As casas vernáculas no sul de Portugal apresentam características que resultam da sua adaptação à cultura, território e clima mediterrânicos. A açoteia (terraço abobadado) constitui um sistema de cobertura correntemente usado nestas casas, conjugando o conhecimento de técnicas construtivas antigas com as tradições locais. Usualmente, as casas abobadadas são consideradas exemplos de um processo construtivo sábio, já que dispensam o uso da madeira e algumas vezes até mesmo o uso de cofragem; além disso são também encaradas como um exemplo bioclimático, devido ao bom comportamento térmico no interior da casa. Apesar do seu apelo estético ter suscitado interesse nos investigadores, traduzido em levantamentos arquitectónicos e guias de viagem publicados no século XX, a sua distribuição geográfica, caracterização arquitectónica e construtiva, tipologias, benefícios térmicos e construtivos, têm permanecido por estudar.

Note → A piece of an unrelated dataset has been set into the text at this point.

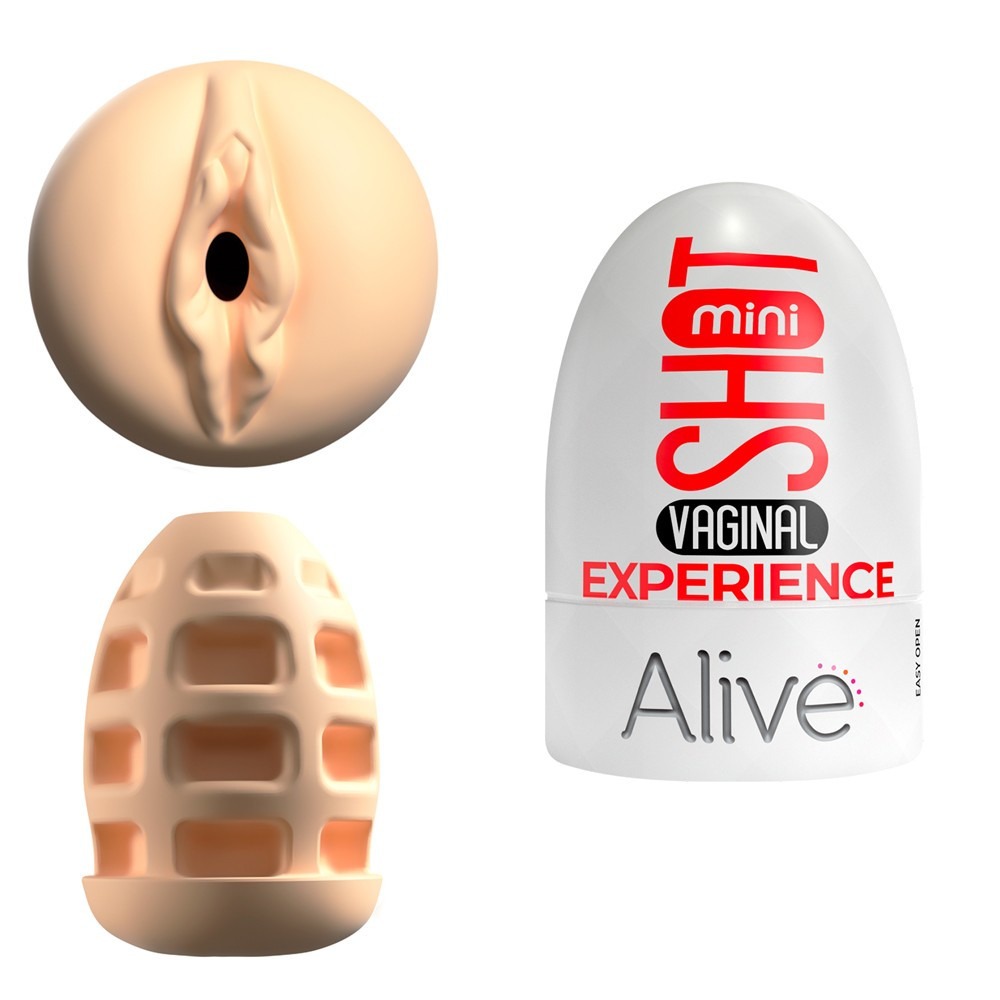 Секс игрушки - Карманный мастурбатор в виде вагины Alive Mini Shot Experience бежевый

Este projecto pretendeu preencher o vazio nos estudos sobre as casas vernáculas com abóbada e respectivos processos construtivos, constituindo a primeira abordagem, tanto interdisciplinar como digital, a este tipo de construções. Baseado no estudo dos tratados e manuais de arquitectura e construção, em levantamentos métricos e fotográficos e em técnicas de inspecção termográfica não invasiva, este projecto explorou as possibilidades das Humanidades Digitais aplicadas à História da Arquitectura.

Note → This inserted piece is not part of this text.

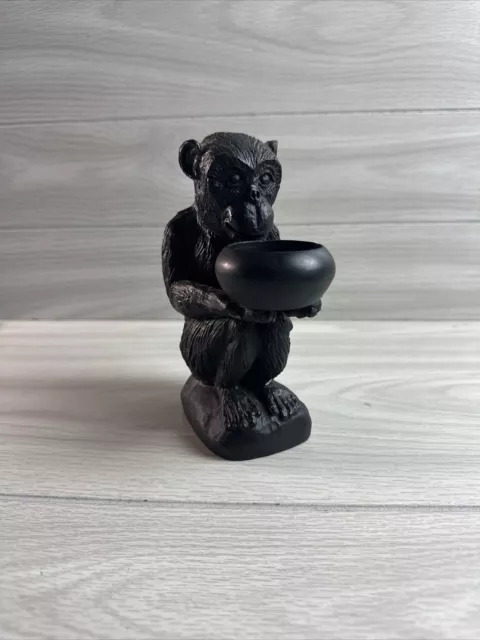 Black Sitting Monkey Chimpanzee Votive Tea Light Candle Holder Incense Burner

As principais actividades do projecto foram:
- Compilar e estudar os tratados e manuais que integram sistemas abobadados correntes usados em Portugal entre os séculos XVI e XIX, especificando autores e contextos, conteúdos e fontes;
- Estudar e realizar o levantamento das casas com abóbada no Sul de Portugal: regiões de Évora, Beja e lado nascente do rio Guadiana, no interior do Alentejo, e as regiões do barlavento e do sotavento do Algarve, consoante o seu contexto e tipologia;
- Identificar e estudar os edifícios mais influentes da envolvente das casas vernáculas e que possam ter servido como elo de transmissão de conhecimento;
- Caracterizar a geometria das abóbadas, sistemas construtivos e materiais usados;
- Criar um corpus baseado no conhecimento construtivo publicado sobre as casas vernáculas, tipos de abóbadas, distribuição geográfica, construtores e utilizadores;
- Gerir o corpus alojado numa plataforma electrónica com acesso aberto, disponibilizando os dados parametrizados, georreferenciados e visualizações 3D, através de um itinerário online e de uma exposição virtual, a partir do cruzamento dos conceitos e ferramentas das Humanidades Digitais e da Arquitectura Digital.

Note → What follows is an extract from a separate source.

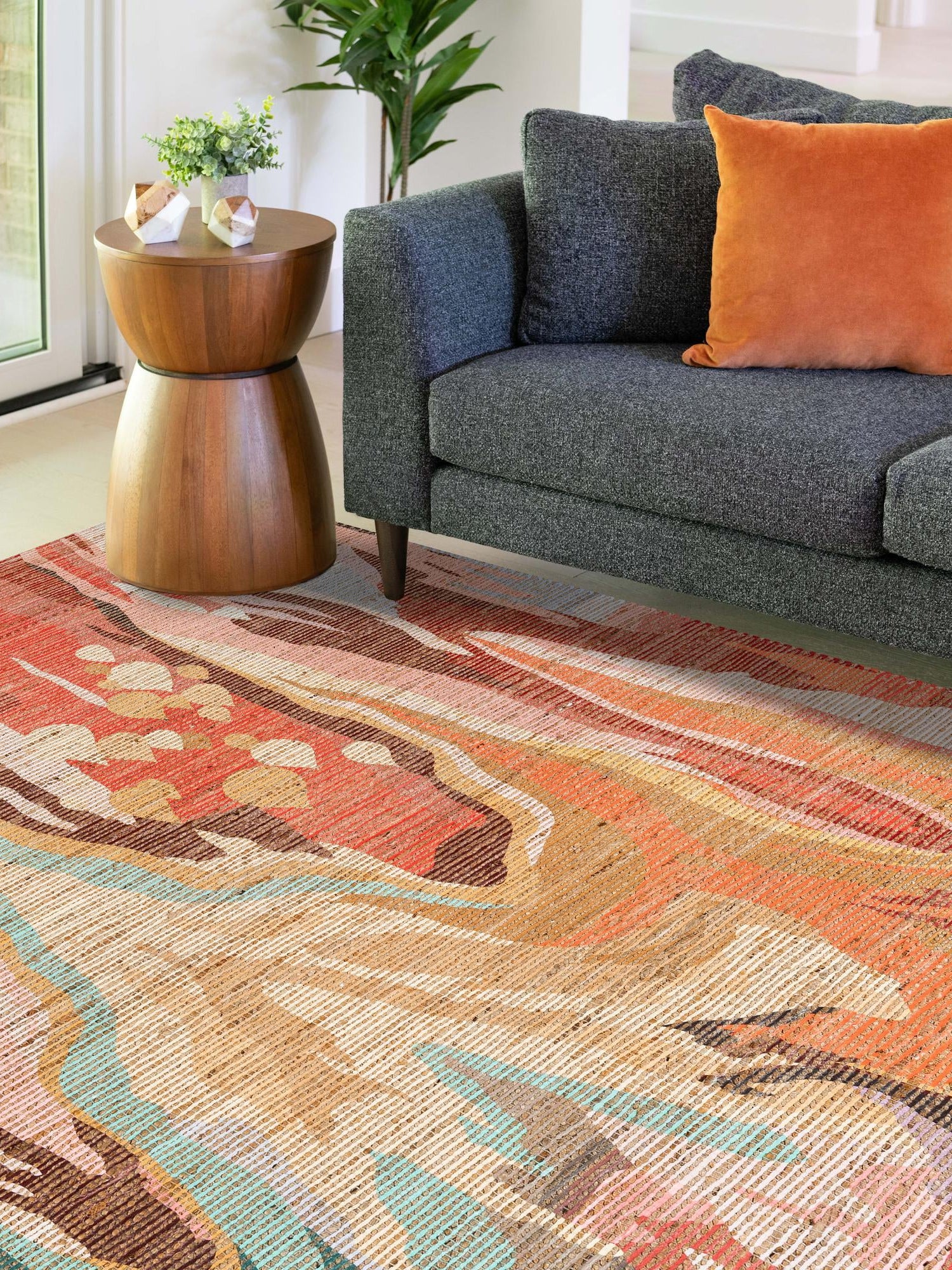 Multicolor 2' x 3' 1 Chenille Jute Rectangle Area Rug Vintage Distressed Boho All Natural Eco-Friendly Sustainable Carpet for Living Dining Office Dorm Rooms for Sale at Rug Engine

Através desta plataforma é gerido e apresentado o corpus de conhecimento produzido ao longo dos 20 meses do projecto exploratório Vaulted South, financiado pela Fundação para a Ciência e Tecnologia (EXPL/ART-DAQ/0171/2021).
Foram inventariados um conjunto de edifícios de diferentes usos:
Os edifícios abobadados estudados encontram-se localizados nas seguintes localidade do Alentejo e do Algarve:
Esta base de dados foi criada com o software Omeka e é composta por diferentes tipos de informação (textos, desenhos técnicos, fotografias e mapas georeferenciados). Os dados organizados nesta plataforma estão a ser analisados numa perspectiva múltipla (histórica, arquitectónica e estatística), engendrando novas formas de entender o património arquitectónico vernáculo.
O projecto foi coordenado pela arquitecta Mafalda Batista Pacheco (CHAM, FCSH NOVA) e pela historiadora da arte Margarida Tavares da Conceição (IHA, FCSH NOVA). A equipa do projecto foi composta por especialistas académicos de diferentes áreas científicas como a Arquitectura, História da Arquitectura, História da Arte e Engenharia Civil, liga duas universidades, a FCSH – Universidade NOVA de Lisboa e o IST – Universidade de Lisboa, e quatro unidades de investigação: o CHAM, o IHA, o CiTUA e o CERIS.
A equipa contou com três consultores, dois espanhóis, o arquitecto Manuel Fortea Luna (Universidad de la Extremadura) e a historiadora da arte Nuria Rodríguez Ortega (Universidade de Malaga) e o um português, o historiador da arte Nuno Senos (IHA FCSH NOVA) para acompanhar o desenvolvimento dos trabalhos de investigação. O projecto teve como parceiros a Biblioteca Nacional de Portugal e a Biblioteca do Palácio Nacional de Mafra.
A plataforma Vaulted South visa contribui para a compreensão das fronteiras entre a arquitectura erudita e a habitação vernácula, e os itinerários da transmissão de conhecimento, a fim de conservar um património desconhecido e em risco de adulteração, destruição e desaparecimento, assim como apoiar projectos e campanhas de reabilitação, acções e procedimentos patrimoniais, rotas turísticas e até mesmo inspirar projectos contemporâneos.